誰でもどんな道でも意のままに走れる4WD技術を目指して

三菱自動車の現在まで続く4WD技術の歴史は、1953年に始まった『三菱ジープ』のノックダウン生産にまでさかのぼります。『三菱ジープ』に採用されていた「パートタイム4WD」は、通常は2WDで走行し、滑りやすい悪路やオフロードでのみ4WDに切り替えるシンプルな仕組みでした。

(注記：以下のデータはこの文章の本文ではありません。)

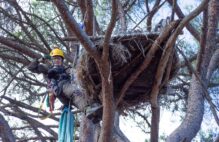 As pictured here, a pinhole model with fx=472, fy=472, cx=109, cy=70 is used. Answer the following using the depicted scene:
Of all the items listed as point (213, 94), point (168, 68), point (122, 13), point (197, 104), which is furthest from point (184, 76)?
point (168, 68)

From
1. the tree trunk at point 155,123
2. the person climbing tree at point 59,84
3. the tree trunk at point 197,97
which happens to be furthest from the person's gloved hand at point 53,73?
the tree trunk at point 197,97

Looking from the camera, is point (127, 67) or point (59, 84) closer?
point (127, 67)

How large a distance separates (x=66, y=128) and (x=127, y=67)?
60cm

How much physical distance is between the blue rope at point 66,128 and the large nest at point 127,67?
21 cm

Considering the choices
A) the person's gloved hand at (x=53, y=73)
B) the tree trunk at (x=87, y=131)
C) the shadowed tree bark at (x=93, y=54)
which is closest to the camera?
the shadowed tree bark at (x=93, y=54)

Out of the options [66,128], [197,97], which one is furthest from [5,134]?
[197,97]

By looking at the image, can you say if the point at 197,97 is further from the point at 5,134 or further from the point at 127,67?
the point at 5,134

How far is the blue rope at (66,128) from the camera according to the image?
3.03 meters

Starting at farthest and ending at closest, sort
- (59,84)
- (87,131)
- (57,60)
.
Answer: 1. (87,131)
2. (57,60)
3. (59,84)

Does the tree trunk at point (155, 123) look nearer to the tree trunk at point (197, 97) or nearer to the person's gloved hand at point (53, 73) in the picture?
the tree trunk at point (197, 97)

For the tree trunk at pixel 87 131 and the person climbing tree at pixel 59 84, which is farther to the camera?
the tree trunk at pixel 87 131

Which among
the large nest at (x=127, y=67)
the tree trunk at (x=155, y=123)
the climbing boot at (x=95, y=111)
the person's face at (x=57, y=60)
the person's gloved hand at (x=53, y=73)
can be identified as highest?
the person's face at (x=57, y=60)

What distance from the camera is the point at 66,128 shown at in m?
3.09

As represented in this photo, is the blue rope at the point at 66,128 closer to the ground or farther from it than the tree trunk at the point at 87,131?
closer to the ground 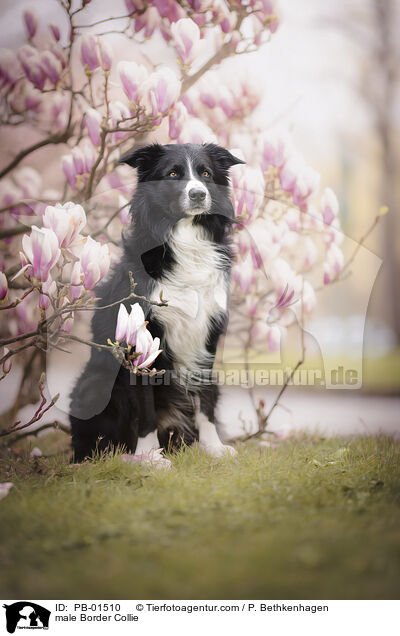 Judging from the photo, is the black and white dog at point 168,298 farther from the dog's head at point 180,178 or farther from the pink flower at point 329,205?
the pink flower at point 329,205

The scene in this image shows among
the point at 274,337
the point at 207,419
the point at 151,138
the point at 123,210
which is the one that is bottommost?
the point at 207,419

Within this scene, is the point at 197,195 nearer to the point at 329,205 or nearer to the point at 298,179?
the point at 298,179

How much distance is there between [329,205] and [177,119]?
78 centimetres

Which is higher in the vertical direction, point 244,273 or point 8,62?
point 8,62

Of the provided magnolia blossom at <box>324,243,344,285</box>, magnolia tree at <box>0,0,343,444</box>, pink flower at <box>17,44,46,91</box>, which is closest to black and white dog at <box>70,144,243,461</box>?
magnolia tree at <box>0,0,343,444</box>

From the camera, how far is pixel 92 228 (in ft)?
7.03

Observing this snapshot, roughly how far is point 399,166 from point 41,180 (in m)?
1.81

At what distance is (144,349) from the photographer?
170 centimetres

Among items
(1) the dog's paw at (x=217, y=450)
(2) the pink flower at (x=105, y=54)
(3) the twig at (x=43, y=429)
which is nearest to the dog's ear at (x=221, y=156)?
(2) the pink flower at (x=105, y=54)

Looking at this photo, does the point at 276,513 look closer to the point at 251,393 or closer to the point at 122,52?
the point at 251,393

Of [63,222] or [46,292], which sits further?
[46,292] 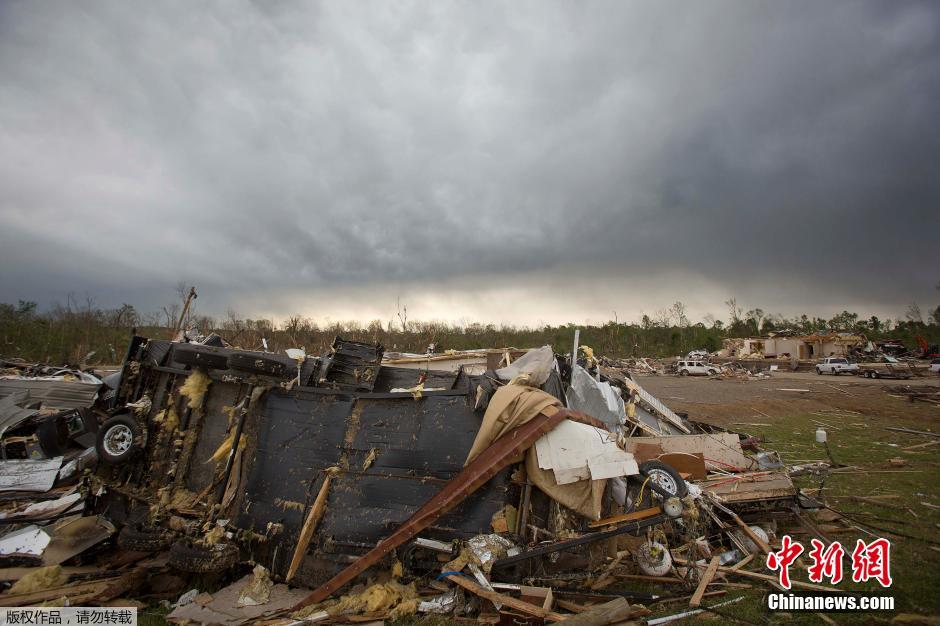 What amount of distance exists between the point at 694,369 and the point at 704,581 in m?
32.4

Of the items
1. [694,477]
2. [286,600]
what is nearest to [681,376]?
[694,477]

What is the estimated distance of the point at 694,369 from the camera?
32.8m

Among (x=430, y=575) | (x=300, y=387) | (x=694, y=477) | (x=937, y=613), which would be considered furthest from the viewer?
(x=694, y=477)

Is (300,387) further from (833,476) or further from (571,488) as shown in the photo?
(833,476)

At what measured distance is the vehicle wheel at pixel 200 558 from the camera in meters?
4.32

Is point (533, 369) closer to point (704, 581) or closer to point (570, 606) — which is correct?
point (570, 606)

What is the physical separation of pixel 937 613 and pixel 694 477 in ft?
8.92

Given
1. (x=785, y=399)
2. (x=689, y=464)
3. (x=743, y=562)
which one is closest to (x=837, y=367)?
(x=785, y=399)

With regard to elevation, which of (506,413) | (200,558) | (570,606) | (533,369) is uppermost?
(533,369)

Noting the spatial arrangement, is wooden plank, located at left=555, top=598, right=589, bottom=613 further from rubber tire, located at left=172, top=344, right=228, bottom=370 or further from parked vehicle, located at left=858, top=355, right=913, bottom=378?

三菱自動車4WD技術のルーツとなった『三菱ジープ』(1953年)

1980年には、『三菱ジープ』の生産・改良開発で培った経験をもとに、独自開発したパートタイム4WDを1トンピックアップトラック『フォルテ』に、続く1982年には『パジェロ』に搭載し、三菱自動車の4WDの礎となりましたが、当時の4WDは、悪路でのトラクション性能に優れていた一方で、乾燥舗装路ではタイトコーナーブレーキング現象※1が生じるなど、操縦性や日常での快適性に改善の余地がありました。さらに1986年には、センターディファレンシャルギヤを組み込んだフルタイム4WDを開発し、トラクション性能を発揮させながら、課題であった乾燥舗装路での走行性能を両立。この技術は『ミラージュワゴン』/『ランサーワゴン』に搭載され、4WDが乗用車にも広がるきっかけとなりました。そして1987年発売の『ギャランVR-4』で4WD、4WS(4輪操舵)などからなる総合システムACTIVE FOURを搭載。AWC思想の原点として、三菱自動車の4WD開発における新たな基準を打ち出し、以降の進化を方向づけるものとなりました。

  • 4WD、4WS、4ABS、4ISなどから構成される統合システムACTIVE FOUR

  • ACTIVE FOURを搭載したギャランVR-4(1987年)

レースで勝てるクルマを目指して

中谷氏が開発に携わったのは、WRC(世界ラリー選手権)をはじめ、国内外のラリーなどのモータースポーツ競技で『ランサーエボリューションⅣ』が活躍していた1996年当時のことです。そのラリー車のベースとなる市販車(GSRグレード)に搭載されていたのが、AYC(アクティブヨーコントロール)でした。この技術は、従来の左右に回転差を調整するだけのディファレンシャルギヤとは異なり、左右輪間に駆動力差を発生させ、コーナー外側のタイヤに多くの力を伝えることで、旋回性能を向上させる画期的なものでした。

『ランサーエボリューションⅣ』に搭載されたAYC

「コンセプトが非常に斬新で、期待値以上に曲がれる感覚に感銘を受けたのを覚えています。革新的な技術でした」と中谷氏は振り返ります。「後輪左右の駆動力を変化させることで、トラクションを活かしつつコーナリング性能を大幅に向上させることができたのです」と解説してくれました。前輪駆動ベースの4WDはフロントにエンジンやトランスミッションなどの重量物が集中するため前後重量バランスが取りにくく旋回性能に難があり、その対策が求められていたのです。AYCは前輪への負担を軽減し旋回性を向上させるなど、四輪制御技術を新たな領域に引き上げました。
一方で中谷氏は「市販車の技術としては優れていても、モータースポーツで使用するには耐久性の面などで課題が多くありました」と当時の印象を話します。事実、AYCは『ランサーエボリューションⅣ』の競技ベース車である「RS」にはオプション設定されたものの、実際の競技では使われていませんでした。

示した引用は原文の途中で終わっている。